Re: Storing and comparing columns of cryptographic hashes?

From: Greg Sabino Mullane <htamfids(at)gmail(dot)com>
To: Josh Triplett <josh(at)joshtriplett(dot)org>
Cc: pgsql-general(at)lists(dot)postgresql(dot)org
Subject: Re: Storing and comparing columns of cryptographic hashes?
Date: 2024-04-08 14:43:51
Message-ID: CAKAnmmLMa-q3F4K42J=yN15VFHyqs5JNbW=tsYQE=ZmdQGVwzg@mail.gmail.com
Views: Raw Message | Whole Thread | Download mbox | Resend email
Thread:
Lists: pgsql-general

On Mon, Apr 8, 2024 at 10:08 AM Josh Triplett <josh(at)joshtriplett(dot)org> wrote:

> - Is there a way to tell postgresql "this column contains cryptographic
> hashes, so you can do hash joins using any subset of the bits,
> without having to hash them again"? If not, should there be?
>

No, and no. (if I understand your question correctly).
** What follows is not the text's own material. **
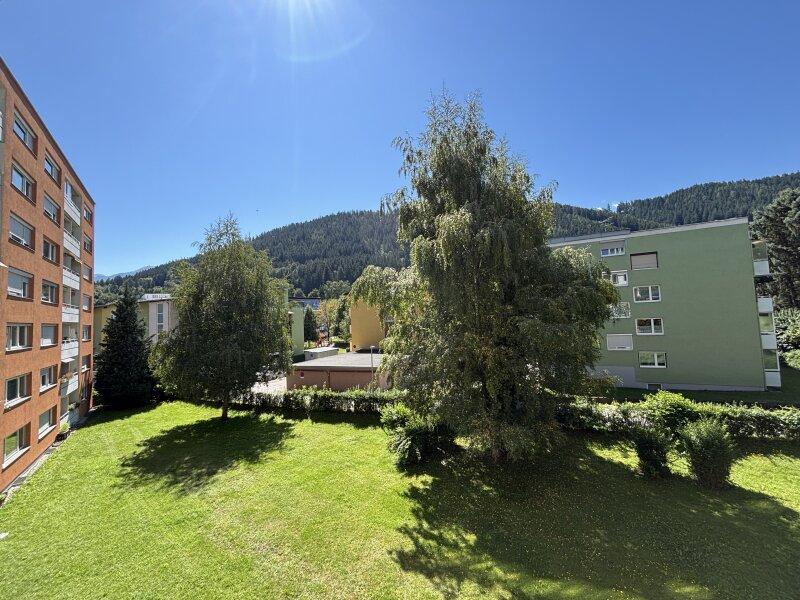 Foto 8 - Bild Ausblick Richtung Sd-Ost.jpeg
You could use a
functional index, I suppose, but seems premature optimization.

> - Is `bit(256)` the right type to use to store 32-byte hash values with no
> additional overhead?
>

No, you would want bytea. I would store the value in a TEXT field, unless
you really worried about space savings. The hexadecimal value will be far
easier to debug and work with, and you can use a simple b-tree index.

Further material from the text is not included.